[Entries taken from a collection]
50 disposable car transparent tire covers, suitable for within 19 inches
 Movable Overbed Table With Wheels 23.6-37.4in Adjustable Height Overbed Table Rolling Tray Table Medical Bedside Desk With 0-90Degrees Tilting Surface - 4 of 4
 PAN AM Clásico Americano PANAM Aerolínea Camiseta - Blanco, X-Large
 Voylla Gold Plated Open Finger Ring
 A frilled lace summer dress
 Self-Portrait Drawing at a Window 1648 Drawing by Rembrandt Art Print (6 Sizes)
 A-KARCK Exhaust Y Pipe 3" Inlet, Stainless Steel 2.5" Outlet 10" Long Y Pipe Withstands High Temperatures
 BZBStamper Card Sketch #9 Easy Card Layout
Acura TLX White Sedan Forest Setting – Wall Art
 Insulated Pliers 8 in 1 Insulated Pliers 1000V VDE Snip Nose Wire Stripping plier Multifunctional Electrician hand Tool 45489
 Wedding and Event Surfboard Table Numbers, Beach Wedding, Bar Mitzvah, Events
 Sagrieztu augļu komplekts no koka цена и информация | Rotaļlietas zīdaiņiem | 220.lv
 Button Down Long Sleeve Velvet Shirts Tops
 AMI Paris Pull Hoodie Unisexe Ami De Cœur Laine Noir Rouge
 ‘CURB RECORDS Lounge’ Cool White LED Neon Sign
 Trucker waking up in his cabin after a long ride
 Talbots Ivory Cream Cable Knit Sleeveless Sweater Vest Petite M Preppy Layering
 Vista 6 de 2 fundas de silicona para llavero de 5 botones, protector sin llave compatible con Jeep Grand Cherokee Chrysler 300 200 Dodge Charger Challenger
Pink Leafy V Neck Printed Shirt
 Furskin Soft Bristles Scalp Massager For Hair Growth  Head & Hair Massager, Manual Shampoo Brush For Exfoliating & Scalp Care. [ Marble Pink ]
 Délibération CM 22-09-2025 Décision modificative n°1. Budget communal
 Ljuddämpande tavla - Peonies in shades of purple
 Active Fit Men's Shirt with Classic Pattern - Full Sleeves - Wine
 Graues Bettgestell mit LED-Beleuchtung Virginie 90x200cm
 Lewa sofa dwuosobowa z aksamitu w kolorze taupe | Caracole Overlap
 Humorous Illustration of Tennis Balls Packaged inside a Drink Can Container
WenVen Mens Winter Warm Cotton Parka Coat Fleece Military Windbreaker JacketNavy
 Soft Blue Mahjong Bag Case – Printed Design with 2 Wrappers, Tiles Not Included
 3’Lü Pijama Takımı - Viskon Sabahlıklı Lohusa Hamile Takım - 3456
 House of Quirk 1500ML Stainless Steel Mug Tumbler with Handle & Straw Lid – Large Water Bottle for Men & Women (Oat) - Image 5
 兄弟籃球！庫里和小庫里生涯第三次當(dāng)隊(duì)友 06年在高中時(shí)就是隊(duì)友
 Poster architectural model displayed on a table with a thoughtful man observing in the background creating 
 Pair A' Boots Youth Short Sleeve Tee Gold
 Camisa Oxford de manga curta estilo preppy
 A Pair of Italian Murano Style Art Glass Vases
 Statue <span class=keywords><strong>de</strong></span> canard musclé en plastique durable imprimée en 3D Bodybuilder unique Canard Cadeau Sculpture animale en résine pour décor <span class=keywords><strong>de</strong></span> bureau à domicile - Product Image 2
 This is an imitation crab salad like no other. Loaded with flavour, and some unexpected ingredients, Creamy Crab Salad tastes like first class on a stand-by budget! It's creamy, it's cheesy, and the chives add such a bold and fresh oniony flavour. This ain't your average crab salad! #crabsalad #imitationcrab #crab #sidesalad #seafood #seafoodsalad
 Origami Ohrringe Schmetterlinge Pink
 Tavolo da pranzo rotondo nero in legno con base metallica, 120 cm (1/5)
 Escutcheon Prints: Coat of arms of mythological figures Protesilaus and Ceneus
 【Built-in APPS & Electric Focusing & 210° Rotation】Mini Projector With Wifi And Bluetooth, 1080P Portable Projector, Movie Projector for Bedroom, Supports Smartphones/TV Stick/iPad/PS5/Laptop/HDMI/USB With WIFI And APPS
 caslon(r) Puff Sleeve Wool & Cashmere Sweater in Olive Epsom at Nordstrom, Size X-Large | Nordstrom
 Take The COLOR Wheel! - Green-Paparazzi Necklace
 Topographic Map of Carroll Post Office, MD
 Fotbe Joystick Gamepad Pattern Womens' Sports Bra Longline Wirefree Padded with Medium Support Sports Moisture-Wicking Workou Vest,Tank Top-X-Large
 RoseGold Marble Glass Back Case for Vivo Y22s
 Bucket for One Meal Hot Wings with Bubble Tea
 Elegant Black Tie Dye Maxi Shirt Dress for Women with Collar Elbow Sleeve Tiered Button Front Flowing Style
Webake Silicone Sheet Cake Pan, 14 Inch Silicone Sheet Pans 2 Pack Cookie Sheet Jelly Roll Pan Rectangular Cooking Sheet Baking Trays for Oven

• [WORK ORDER]:
In the records, which lines mention the word "Stainless"? Copy those lines.

• [EXERCISE RESULT]:
 A-KARCK Exhaust Y Pipe 3" Inlet, Stainless Steel 2.5" Outlet 10" Long Y Pipe Withstands High Temperatures
 House of Quirk 1500ML Stainless Steel Mug Tumbler with Handle & Straw Lid – Large Water Bottle for Men & Women (Oat) - Image 5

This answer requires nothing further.